The Supreme Court of Canada set aside a Human Rights Tribunal decision on the basis that the doctrines of issue estoppel, collateral attack, res judicata and abuse of process applied to prevent the Tribunal from considering complaints that had already been dealt with by the Workers’ Compensation Board review division

22. November 2011 0

Administrative law – Decisions of administrative tribunals – Workers Compensation Boards – Benefits – Human Rights Tribunal – Discrimination – Judicial review – Administrative tribunals – Compliance with legislation – Estoppel and res judicata

British Columbia (Workers’ Compensation Board) v. Figliola, [2011] S.C.J. No. 52, Supreme Court of Canada, October 27, 2011, McLachlin C.J. and Binnie, LeBel, Deschamps, Fish, Abella, Charron, Rothstein and Cromwell JJ.

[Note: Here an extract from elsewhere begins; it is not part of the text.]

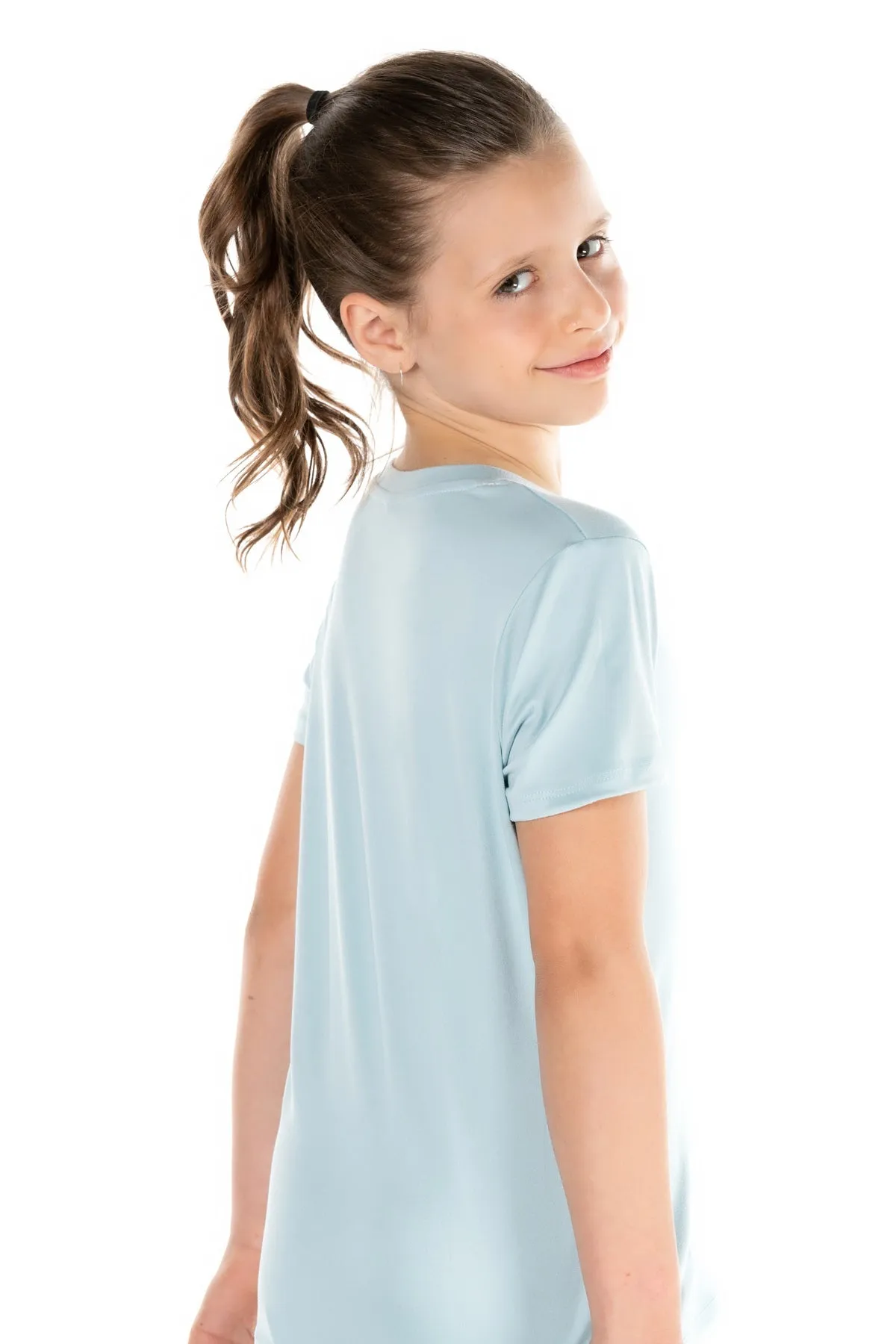 Girls Day-To-Day Comfy Classic T-Shirt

The complainant workers sought compensation from B.C.’s Workers’ Compensation Board (the “Board”) for chronic pain. The Board’s policy provided for a fixed award for chronic pain (the “policy”). The complainants appealed to the Board’s Review Division arguing that the policy, which set a fixed award for chronic pain, was patently unreasonable, unconstitutional and discriminatory on the grounds of disability under s.8 of the B.C. Human Rights Code (the “Code”). The Review Officer concluded that the policy was not contrary to s.8 of the Code and therefore not discriminatory. The complainants appealed the decision to the Workers’ Compensation Appeal Tribunal (“WCAT”); however, new legislation was introduced which removed WCAT’s authority to apply the Code and thus review the complainants’ appeal of the Review Officer’s human rights conclusion. The complainants therefore filed new complaints with the Human Rights Tribunal (the “Tribunal”), repeating the same s.8 arguments about the policy that was made before the Review Tribunal. This was notwithstanding that judicial review remained available to the complainants. The Board brought a motion requesting the Tribunal to dismiss the complaints on the basis, inter alia, that they had already been “appropriately dealt with in another proceeding” pursuant to s.27(1)(f) of the Code. The Tribunal rejected the argument. That decision was appealed and the Court of Appeal restored the Tribunal’s decision.

The issue before the Supreme Court of Canada was whether it was open to the Tribunal to hear the complainants’ argument, that the policy was discriminatory, when the Review Division of the Board already disposed of the complaint.

The Supreme Court of Canada held that the Tribunal’s decision not to dismiss the complaint under s.27(1)(f) of the Code was patently unreasonable. Fundamentally, it failed to consider whether the substance of the complaint had been addressed and thereby failed to take this threshold statutory requirement into account. The doctrines of issue estoppel, collateral attack, res judicata and abuse of process underlie s.27(1)(f) and “[s]ingly and together, they are a rebuke to the theory that access to justice means serial access to multiple forums or that more adjudication necessarily means more justice.” As such, the Court allowed the appeal, without costs, and remitted the Board’s application under s.27(1)(f) to the Tribunal for reconsideration.